The LOTR Movie Site
October 16, 2000

Fate, Freewill & Heroism -- Response to Stacy B.
Mark S.

As regards your pleased recognition of our debates at this site, I think we are all here because other Tolkien chat sites tend to attract 'dungeons and dragons' types who are more interested in how long Gandalf's staff is rather than discuss the archetypal imagery and cosmic issues addressed in LOTR, Silmarillion etc.That, or else we are all frustrated sophomores, desperate to voice our pet theories somewhere public!! :-) Anyone care for some more heavy philosophy? Trust me, I DO come to a point at the end of it all! :-)

So... fate and free will, and heroism. Free Will Vs Determinism is a favourite topic in Philosophy. The question is, ultimately, one of ontology; Is the Cosmos so constructed that the actions of sentient beings are merely the playing out of Destiny -- and therefore volition is an illusory abstraction -- or is volition contingent with the very dynamic nature of a Cosmos where the "rules" are the forces that govern that the motions of atoms and energies, but are nevertheless all subject to Wills or Souls whose origin is beyond the Natural Cosmos? This is where Philosophy meets Theology -- yes, I know. And to that, presently. Meanwhile...

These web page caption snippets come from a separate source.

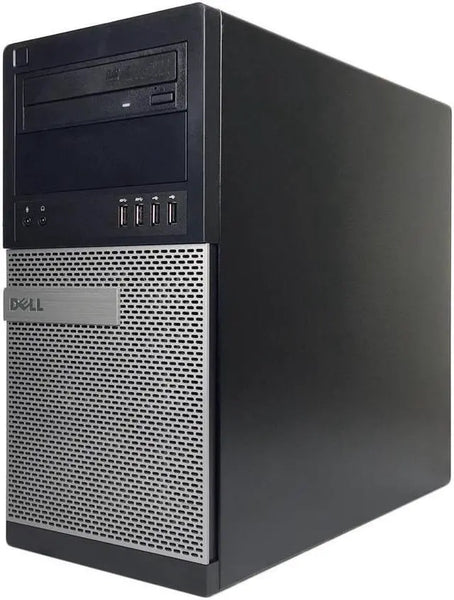 Dell Optiplex 7020 Tower i5-4590 / 16GB RAM 1TB SSD Hard Drive W10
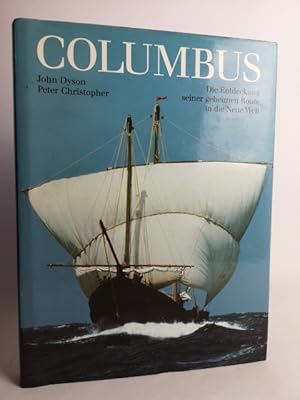 Immagine del venditore per Columbus Die Entdeckung Seiner Geheimen Route in Die Neue Welt venduto da ANTIQUARIAT Franke BRUDDENBOOKS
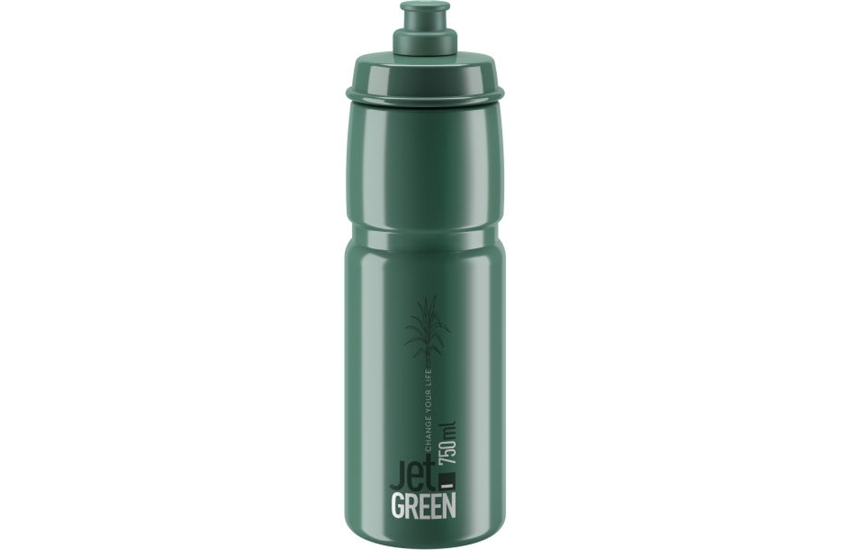 Elite Trinkflasche JET Green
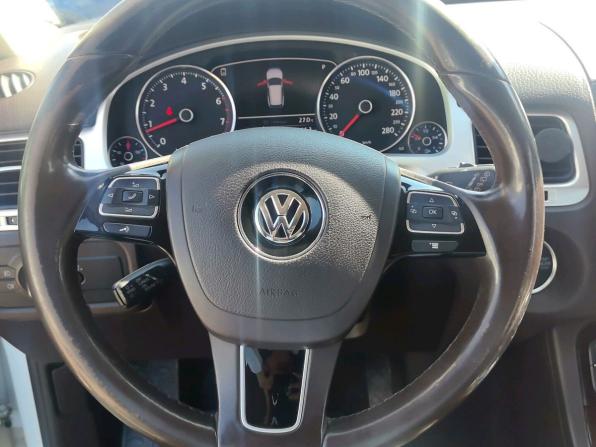 Volkswagen Touareg II с пробегом 2013 года, цена 2 000 000 рублей, 254510 км, внедорожник, Автокод Объявления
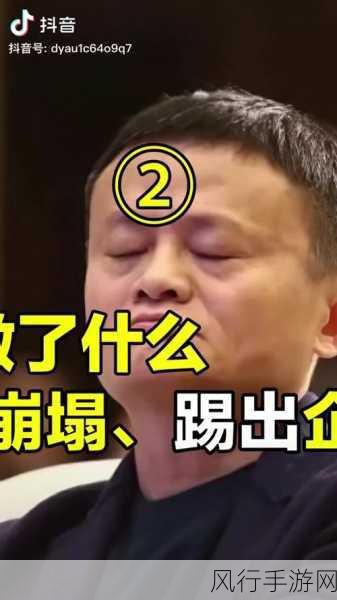 马云外滩讲话哪些不该讲-马云外滩讲话中的敏感话题与不当言论分析
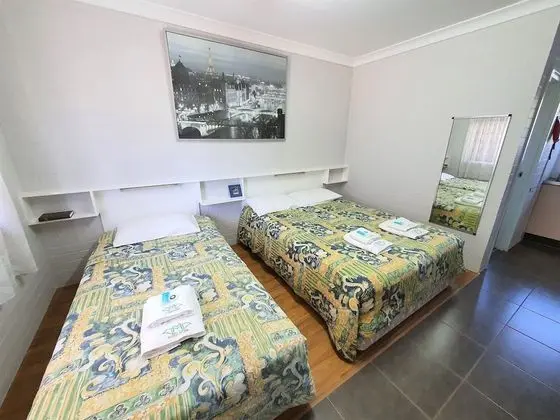 Deluxe Tek Büyük Yataklı Oda, Birden Çok Yatak
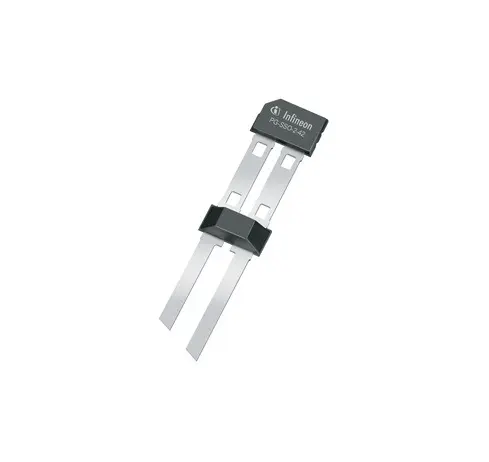 Sensor de efecto Hall TLE49421CHAMA2, PG-SSO-2-4, 2 pines Infineon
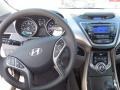Shimmering White - Elantra GLS Photo No. 5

The concept of "Multiple Possible futures" allows Free Will within an otherwise bound Cosmos; 'Destiny' is the Laws of Physics -- Free Will is 'extra-Cosmic force' that overules the Laws of Physics. I tend to go with this theory, as it allows scope for understanding human action. Furthermore, it disallows the convenient "out" of "Do what you want to do, because ultimately it all doesn't matter" -- a philosophy fondly embraced by moral relativists whom I despise... they strike me as just plain intellectually lazy hedonists at heart!

When you mention Gollum as a conduit for Fate, this helps focus the debate greatly. I think you are most on the ball when you have Gollum less as a conduit for Fate, and more as a vehicle for Sauron's Will. I am reminded of C.S. Lewis' "Unman", Dr Weston in Perelandra, who subjugates his will to Satan and thus becomes a damned soul. So too, has Gollum subjected himself to another will. I think most readers would have Gollum as a hero were he to have resisted Sauron's will, to the point of martyrdom, rather than yield only to meet with ignominious destruction.

It seems that heroism, as we define it, is a 'twin-criteriad' phenomenon; one must exercise one's own volition -- and one must choose the Good, whatever the cost.

Occasions where such choices are made are not often seen, but when seen on a grand scale are soberingly dramatic. Gollum, when torn between 'Slinker' & 'Stinker' is a masterpiece in cameo of Tolkien's art; witnessing a sentient being undergoing psychological fragmentation is a sobering experience. The reader feels like s/he is in an asylum and thoughts of the fragility of our own consciousness rise ominously. Does sanity hang on so slender a thread?
No wonder Gandalf and Frodo pity him!

And Eowyn? I agree, she's hardly heroic. Her choice to fight on the battlefield was selfish -- she sought oblivion, not fulfilment. Were she not a shieldmaiden (an heroic archetype)she would have slit her wrists or, in another time, swallowed a bottle of sleeping pills... and been little more than a tragic love-lorn statistic. Likewise, Denethor's suicide is grandly 'Tragic' -- but hardly heroic.

So what determines "heroism"? To reiterate; to freely choose the good.
And do we REALLY have free will. I say, yes! Absolutely! To deny ourselves that capacity is to deny our very humanity; to put ourselves on the level of instinctual animals subject to the spinning of quarks in a meaningless Cosmos.

In brief, we must have anchoring Absolutes (such as there IS a thing called Free Will, and the boundaries or 'rules' of its exercise are the Laws of Physics) lest all our conjecturing crumble into word-play and sophistry... or the degeneration of psychological coherence as seen in Gollum, Dr Weston and, all too frequently, in today's social reality -- a reality where mental fragility and moral vacillation are all too common and heroism all too rare.